2016-11-09 Thread Daniel Kahn Gillmor
On Wed 2016-11-09 03:31:22 -0600, Martin Rex wrote:
> The problem here is that this breaks (network) flow control, existing
> (network socket) event management, and direction-independent connection
> closure, and does so completely without value.

Martin, you keep saying things like "without value", while other people
on this thread (Rich, Ilari, Yoav) have given you examples of the value
it provides.  You don't seem to be trying to understand those positions.

Your description of the problems it causes you are difficult to follow,
and it doesn't sound like they have been experienced by other
implementors.  But other people are actively trying to make sure they
understand your concerns (like ekr's post downthread here).

Could you offer the rest of the list the same courtesy?

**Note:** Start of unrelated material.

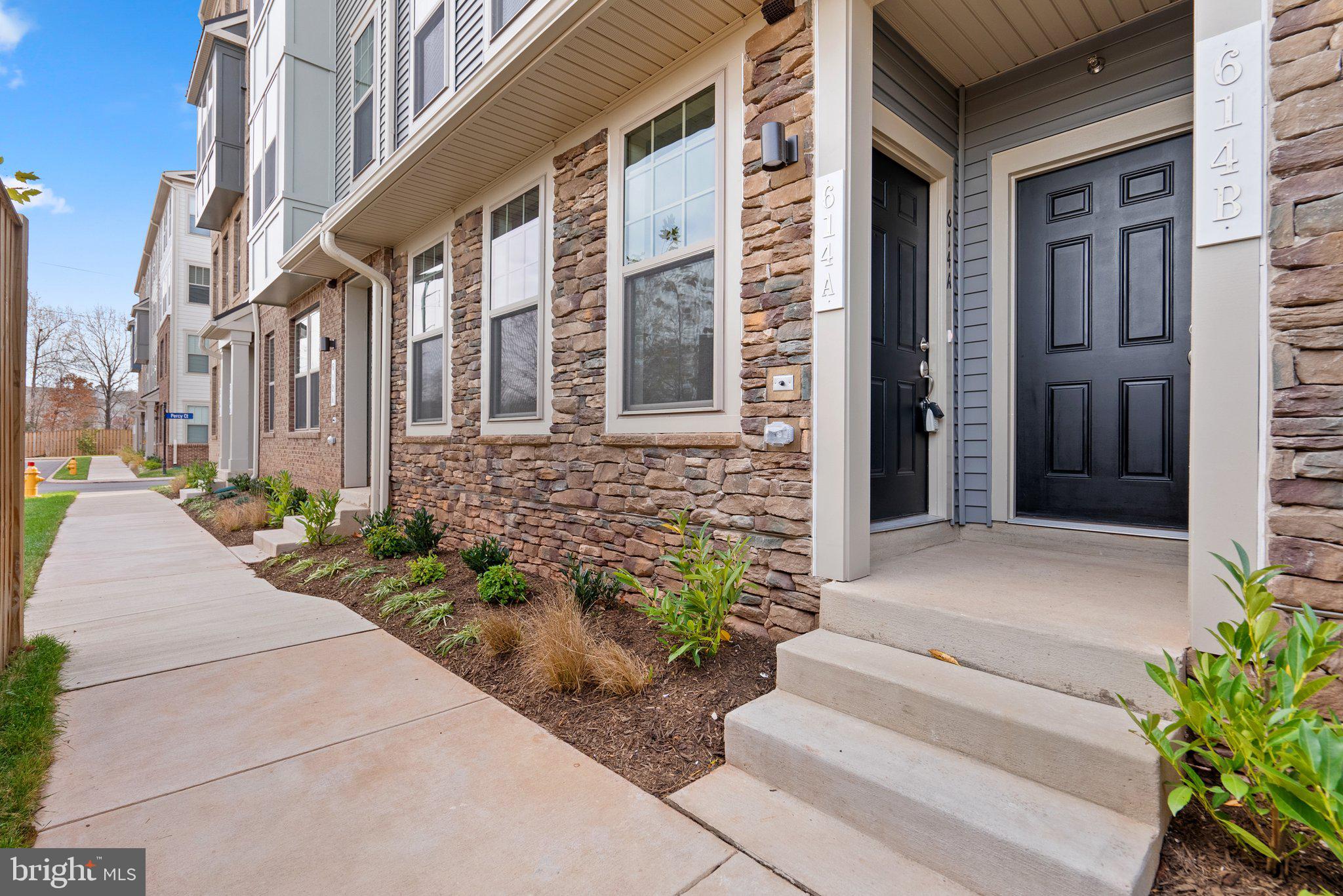 MANASSAS PARK VILLAGE - Residential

Your earlier argument that the hidden data is deducable by traffic
analysis anyway isn't a satisfying argument, for two reasons:

(a) if it were reliably true, then your implementations could simply
adopt the traffic analysis approach instead of inspecting the
cleartext content types.  If it causes too much additional expense,
then it should increase the expense for adversaries who are
monitoring traffic for these same signals as well, which is a
security+privacy win.

(b) We're including mechanisms (like padding) to make traffic analysis
harder.  More research is needed to know how to best provide this
sort of indistinguishability.  But if we decide instead that it's ok
to directly publish any data that could possibly be inferred by
traffic analysis, we will never improve the security of TLS for its
users against traffic analysis, which will only grow more
sophisticated over time.  Why should we accept this limitation on
TLS?

This WG isn't chartered to defend the engineering optimizations made by
any particular middlebox vendor.  It's chartered to improve the privacy
and security guarantees offered to users of TLS.